Larger class sizes are occurring because more students are moving in to the district. There are several pull-outs each day, which help keep the class sizes down.

Educational technician IIIs work under the supervision of a teacher and are able to work with students without a teacher in the room, said Leanne Condon, assistant superintendent/director of curriculum.

An educational technician III has 90 hours of college credits, Director Jennifer Pooler of New Sharon said.

“We have one literacy specialist in the building,” she said.

The difference in pay between a teacher and an educational technician III is about $15,000. The cost of adding an educational technician would be $30,000 to $35,000, depending on the benefits, Ward said.

If they were to add another third-grade teacher, Ward said, they would have to redo all of the specialists.

It would be disruptive to add a new classroom teacher at this time in the year, Condon said.

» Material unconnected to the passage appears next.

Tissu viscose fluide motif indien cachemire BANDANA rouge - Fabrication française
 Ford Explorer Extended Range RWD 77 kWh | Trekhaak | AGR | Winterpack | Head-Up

The classes are already established, and students would have to be removed from each classroom to go into a new classroom with a new teacher, she said.

The educational technician would work with kids who need literacy help, Ward said. There is a need in grade three for more literacy help. Adding an educational technician III would most likely use up the remainder of the district’s contingency budget.

Director Ken Charles of Farmington amended the motion for the position to be a one-year position because he said it would be a better idea to hire an additional teacher next year.